A younger me was studying metric spaces as the first unit in a topology course when a shiny new generalization of continuity was presented to me. I was thrilled because I could now consider continuity in a whole new sense, on function spaces, finite sets, even the familiar reals with a different metric, etc. Still, I felt like I hadn't escaped the reals (why I wanted to I can't say, but I digress) since I was still measuring distance (and therefore continuity, in my mind) with a real number: $$d: X\to\huge\Bbb R$$

If the reader for some reason shares or at least empathizes with (I honestly can't explain this fixation of mine) the desire to have definitions not appeal to other sets/structures*, then they will understand my excitement in discovering an even more general definition, the standard one on arbitrary topological spaces. I was home free; the new definition was totally untied to the ever-convenient real numbers, and of course I could recover my first (calculus) definition, provided I toplogized $\Bbb R^n$ adequately (and it seemed very reasonable to toplogize $\Bbb R^n$ with Pythagoras' theorem, after all).

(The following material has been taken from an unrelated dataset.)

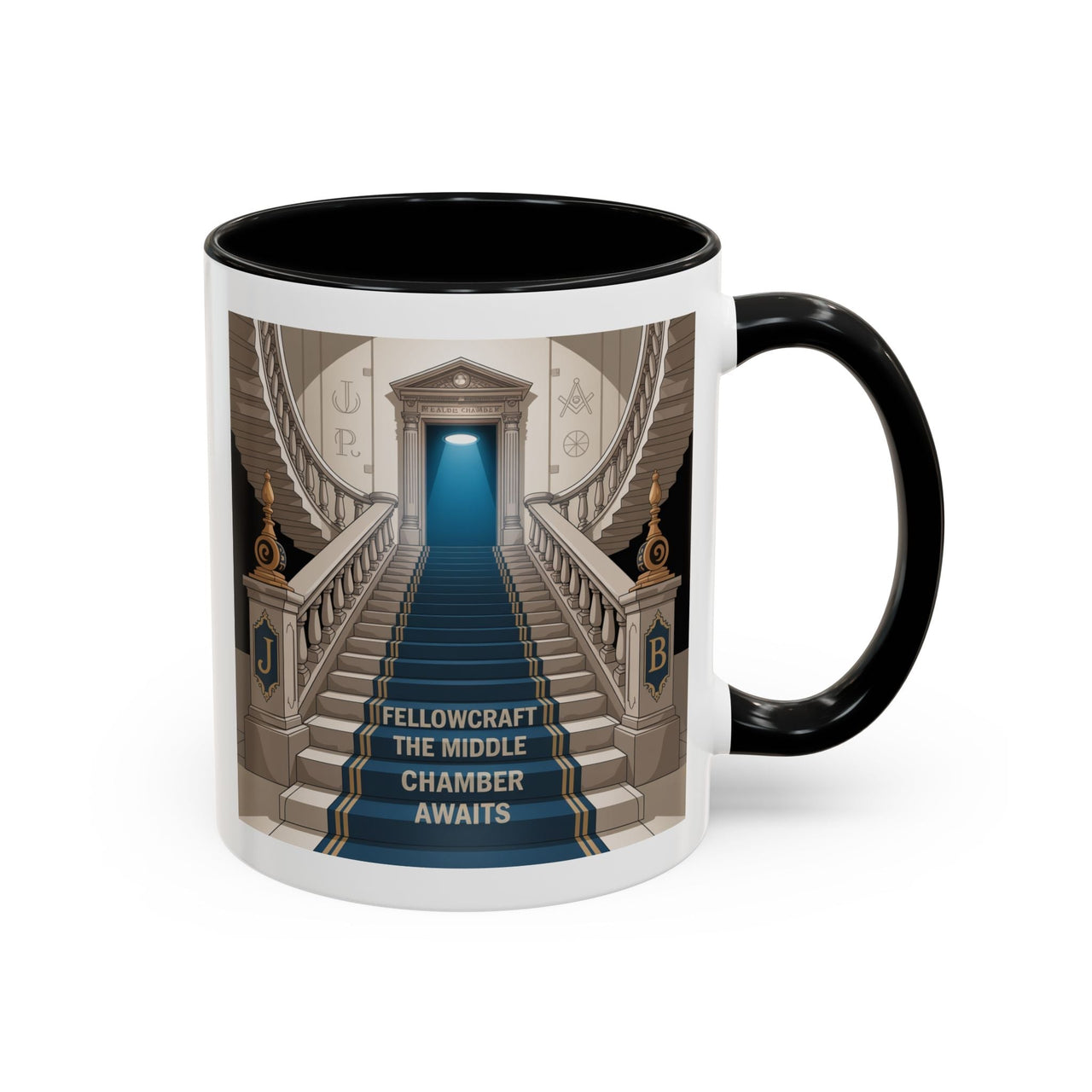 Premium Ready to Go Freemason Design | Fellowcraft | The Middle Chamber Awaits - Masonic Mugs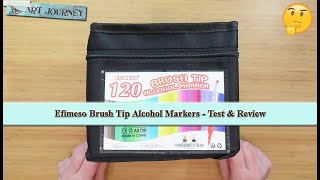 Efimeso Brush Tip Alcohol Markers || Test & Review inc Yellowing Results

Time passed and I kept studying, and through other courses (some simultaneous to topology, some posterior) a new sort of itch began to develop, this time with differentiable functions. On the one hand, I had definitions (types of convergence, compact sets, orientable surfaces, etc.) and theorems (Stone-Weierstrass, Arzelá-Ascoli, Brouwer fixed point, etc.) completely understandable through my new-found topology. On the other hand, the definition of a derivative was still the same as ever, I could not see it nor the subsequent theorems "from high above" as with topological arguments.

But then a new hope (happy may 4th) came with a then distant but closely approaching subject, differential geometry. The prospect of "escaping" once again from the terrestrial concepts seemed very promising, so I decided to look ahead and open up a few books to see if I could finally look down on my old derivative from up top in the conceptual clouds. My expectation was that, just like topology had first to define a generalized "closeness structure" i.e. lay the grounds on which general continuous functions could be defined via open sets, I would now encounter the analogous "differentiable structure" (I had no idea what this should entail but I didn't either for topology so why not imagine it). And so it went: "oh, so you just... and then you take it to $\Bbb R^n$... and you use the same definition of differentiable".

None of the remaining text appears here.